Opening the doors of the churches in the Syracuse Diocese to persons with disabilities is an ongoing challenge. There is the matter of accommodating their physical needs, not to mention their educational, spiritual and emotional needs. Parishes have come a long way as far as making their buildings accessible. Retired Bishop James Moynihan made the accessibility issue a priority under his tenure.

Over the past several years the people from all regions of the diocese involved in the ministry at the Office for Ministry with Persons With Disabilities have continued to meet and look for ways to keep their ministry alive. The office currently falls under the Catholic Charities umbrella, but there is no longer a full time director of that office. Every year in September they organize the annual Mass recognizing persons with disabilities. On Nov. 8, a group of advocates and parents met with Bishop Robert Cunningham to explain their history in the diocese and to ask for his support.

A strong committee was formed in 1986, according to original member Rachel Perkins.

“Our main focus then was preparing the persons with disabilities for catechesis and the sacraments,” Perkins told the group. “We were really talking about segregation back then and were just heading towards inclusion.”

Perkins acknowledged that many pastors have made changes since then but she said there are still unresolved areas of accessibility. There was a youth program funded by a non-profit organization and supported by Immaculate Conception in Fayetteville and St. Ann’s in Manlius, Perkins said. The program matched peers with persons with disabilities and they participated in recreational and social activities together. “We actually won a national award with that program,” Perkins explained as she stated the group’s history.

Bishop Cunningham told them he had worked on a committee for persons with disabilities in the Buffalo Diocese and that he absolutely wants to include persons with disabilities fully in all aspects of church life.

“I have been at several churches in the diocese since I arrived and I have been delighted to find readers, greeters and altar servers with disabilities at many of them,” Bishop Cunningham said. “From my limited time here, I have seen the progress you have made. It is important when we look forward to recognize that much has already been done.”

The parents at the meeting expressed their concerns about churches still not being a comfortable place to bring their disabled children. Sister Germaine Hilston, CSJ, directs the religious education program for children with disabilities in the Northern Region of the diocese. She works out of the old St. Mary’s School in Oswego.
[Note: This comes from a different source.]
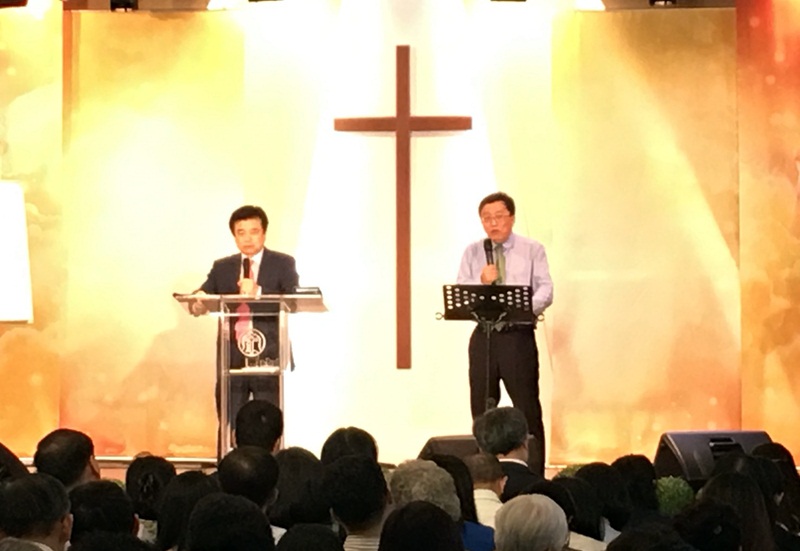 由韓國豐盛教會主任牧師金聖坤(圖右)所推廣的雙翼養育系統，20年來扶持海內外無數教會，在裝備中建造成為健康的教會。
“My biggest challenge is getting parents to feel free to bring their children to religious education class,” Sister Germaine told the group. “There is a long history there of them not being included and sometimes they don’t see that it’s better if their child is included.”
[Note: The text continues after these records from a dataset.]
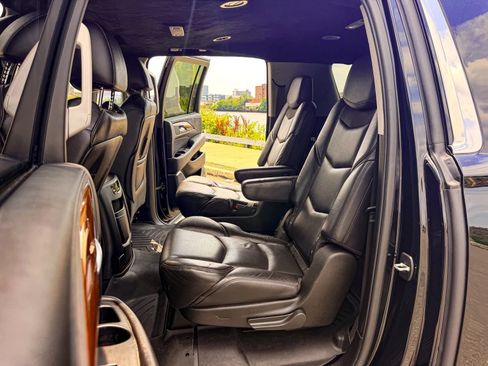 Used 2020 Cadillac Escalade ESV Luxury AWD/4WD image 15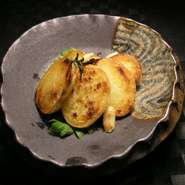 ポテトにローズマリーとガーリックの香りをきかせてオリーブオイルでこんがり焼き上げています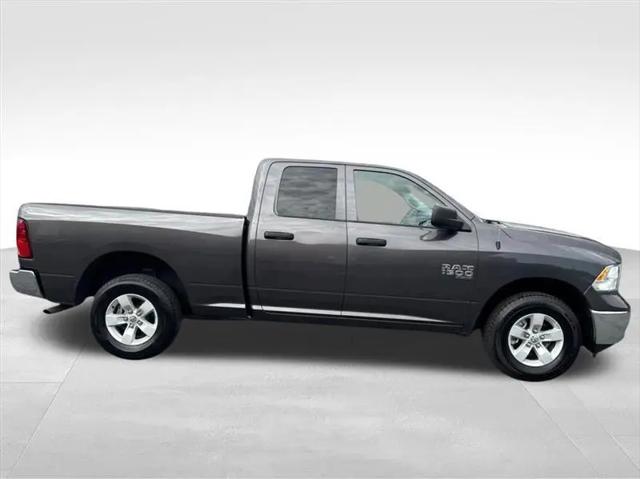 2024 Ram 1500 Classic SLT Quad Cab 4x4 64 Box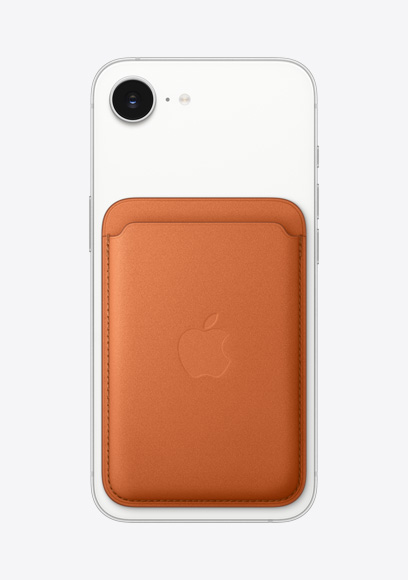 iPhone 17e, Rückseite, Farbe Weiß, Feingewebe Wallet mit MagSafe in Fuchsrot, Fusion Kamera oben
One parent expressed his frustration with three different dioceses he has lived in with his family. He and his wife have a 36-year-old daughter currently living in a group home.
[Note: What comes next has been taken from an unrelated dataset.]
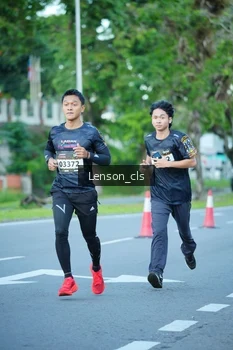 Runner Photo 1605307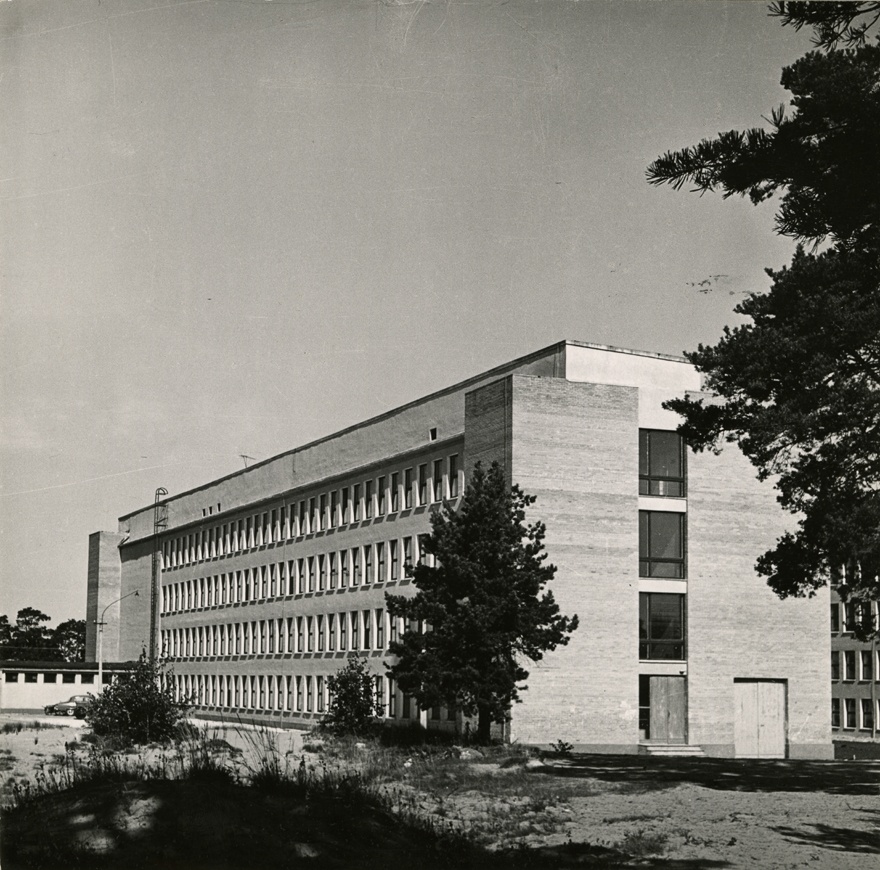 Tallinna Tehnikaülikooli peahoone, vaade õppekorpusele. Arhitektid Uno Tölpus, Henno Sepmann, Olga Kontšajeva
“We have felt abandoned by the church,” he said. “We’ve never lost our faith but we’ve never been impressed with the way the Catholic Church handles our daughter’s situation.”

Holy Family Church in Fairmount serves as a home base for two women religious who have come to the diocese to assist in ministry to persons with disabilities, Sister Theresann Gehringer and Sister Caryn Haas, both Daughters of St. Mary of Providence. They were also present at the meeting and Sister Theresann voiced her concerns about accessibility.

“We have religious education teachers who are willing to teach but the Bishop’s Academy needs to be accessible,” Sister Theresann said.

There were representatives from community organizations also present, and they are often the people who help facilitate the services for persons with disabilities. Tom Goslowski from the Central New York Developmental Disabilities Services Office (CNYDDSO) and Barbara Anderson from the Rome office of the CNYDDSO came to share their thoughts as well. Anderson explained that budget cuts over the years brought the consumers out into the communities where they needed to find services and connections, rather than in segregated settings. A religious needs committee was formed to look at ways to get consumers to church so that they could participate.

“We have consumers that go to St. Paul’s in Rome once a month and they love it,” Anderson said.

She said that support needs to come from pastors and from the top and that there are grants available to help make churches handicapped accessible.

Another parent described a program at Holy Family Parish in Vernon. He said that the confirmation class sponsored his daughter’s group home and they all benefited from the socialization experiences the program offered.

“You have given me food for thought,” Bishop Cunningham said. “I do want to be supportive and advocate for full participation for persons with disabilities.”